**Your assignment**
Locate the line containing "Goldendoodle Handbook: Essential" in the entries below, then retype it and every later line exactly, leaving out pictures.

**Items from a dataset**
● ● ● ● ●

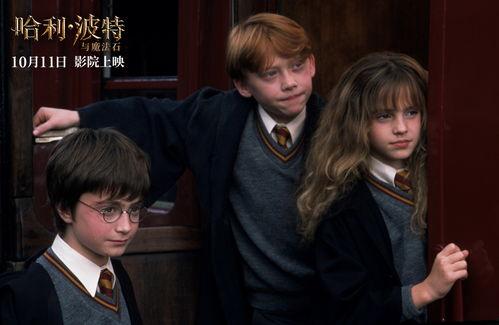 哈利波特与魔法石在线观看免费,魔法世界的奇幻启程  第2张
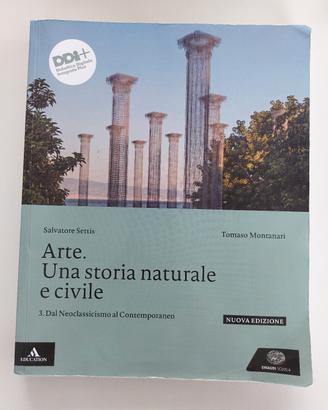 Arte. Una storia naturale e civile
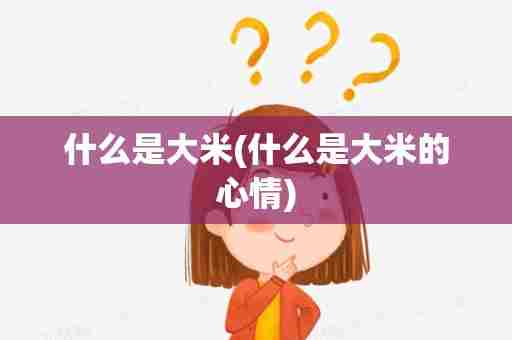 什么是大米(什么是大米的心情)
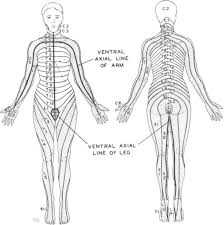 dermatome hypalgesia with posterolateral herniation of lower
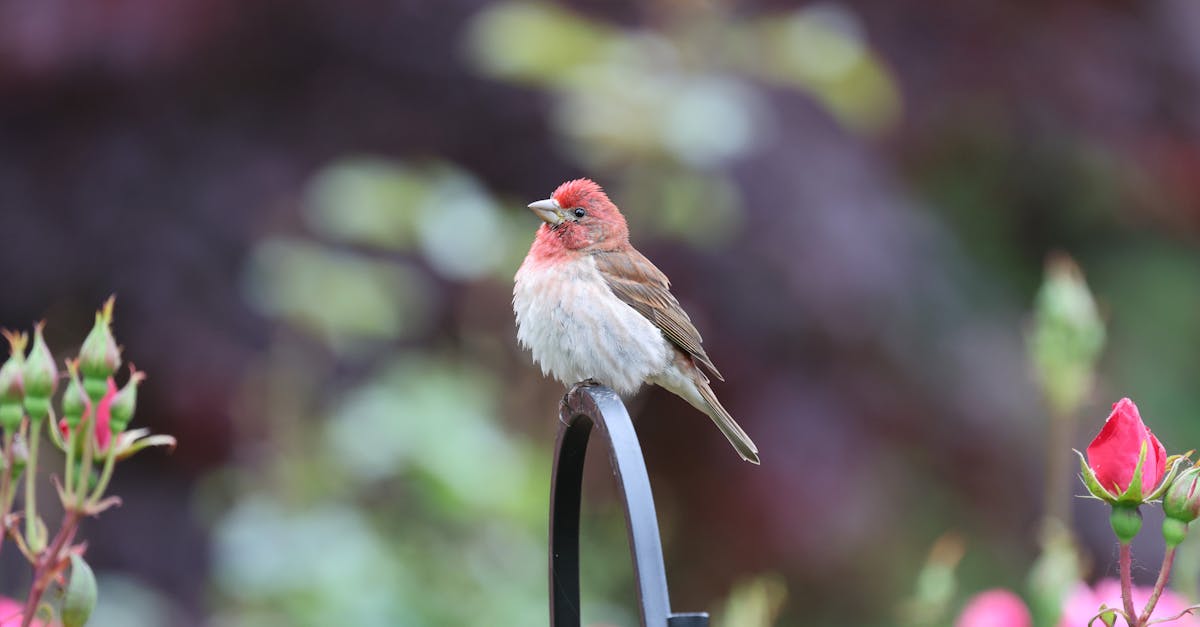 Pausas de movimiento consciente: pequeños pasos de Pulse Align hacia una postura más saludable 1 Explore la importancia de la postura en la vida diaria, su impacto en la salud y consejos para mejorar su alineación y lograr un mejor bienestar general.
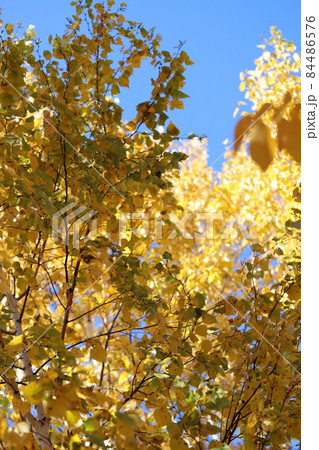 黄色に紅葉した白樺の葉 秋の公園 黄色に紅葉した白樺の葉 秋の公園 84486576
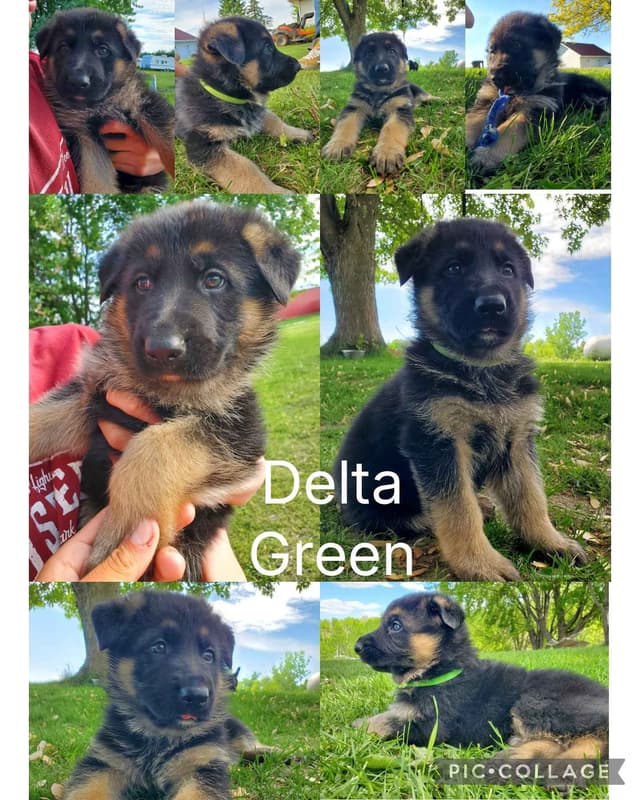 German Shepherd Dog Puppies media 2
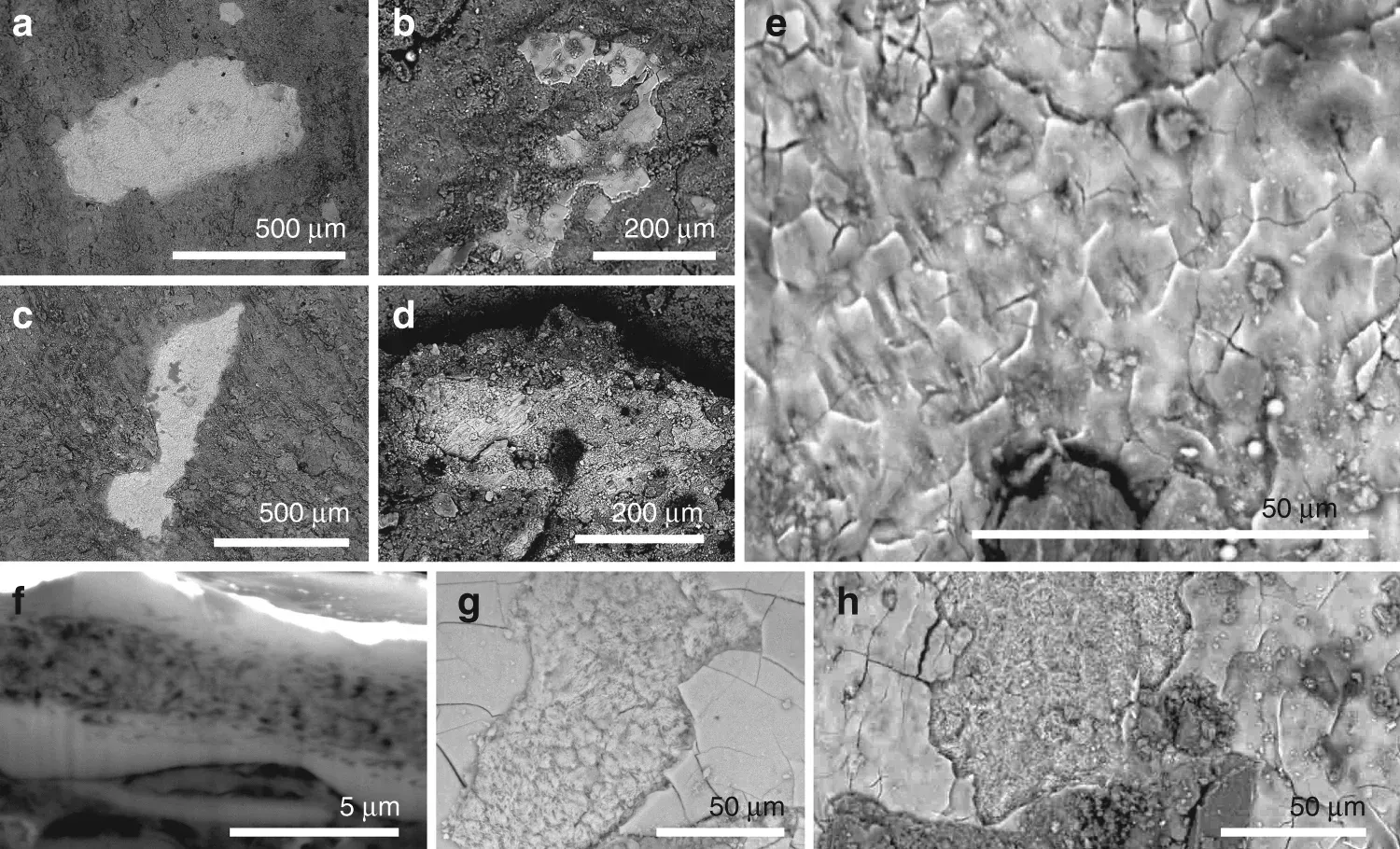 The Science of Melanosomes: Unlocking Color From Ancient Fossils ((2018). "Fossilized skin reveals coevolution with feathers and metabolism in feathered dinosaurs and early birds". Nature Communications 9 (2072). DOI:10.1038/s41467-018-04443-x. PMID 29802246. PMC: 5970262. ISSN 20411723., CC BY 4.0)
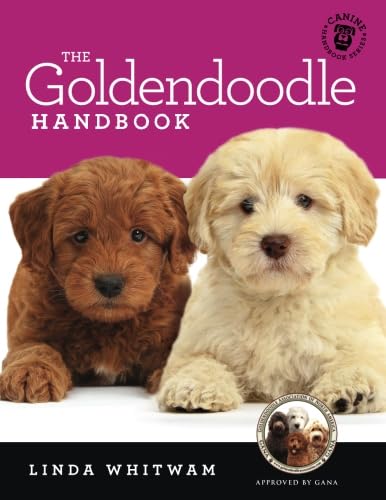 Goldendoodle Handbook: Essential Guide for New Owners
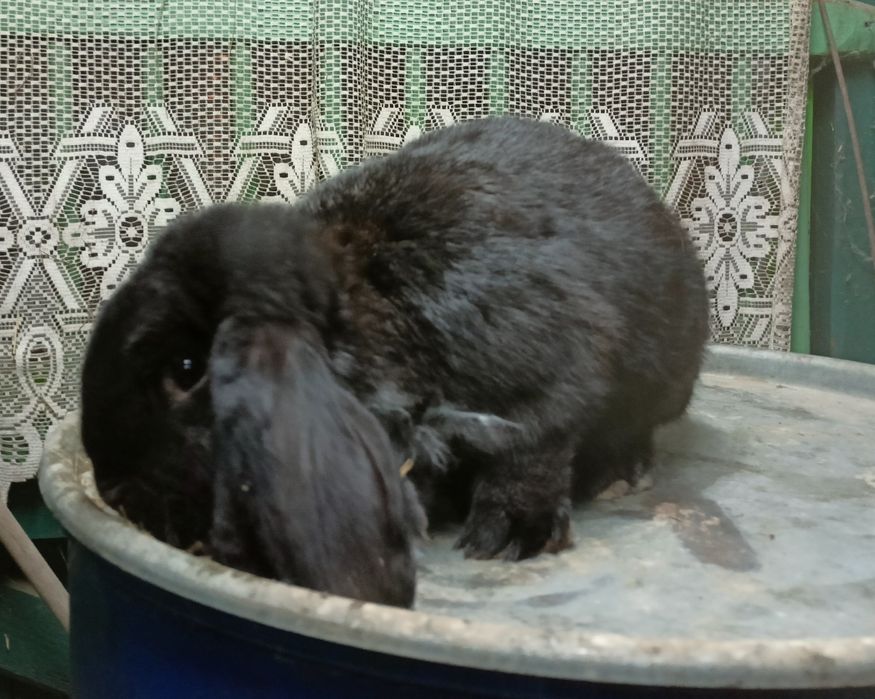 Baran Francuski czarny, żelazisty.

● ● ● ● ●

**Exercise solution**
 Goldendoodle Handbook: Essential Guide for New Owners
 Baran Francuski czarny, żelazisty.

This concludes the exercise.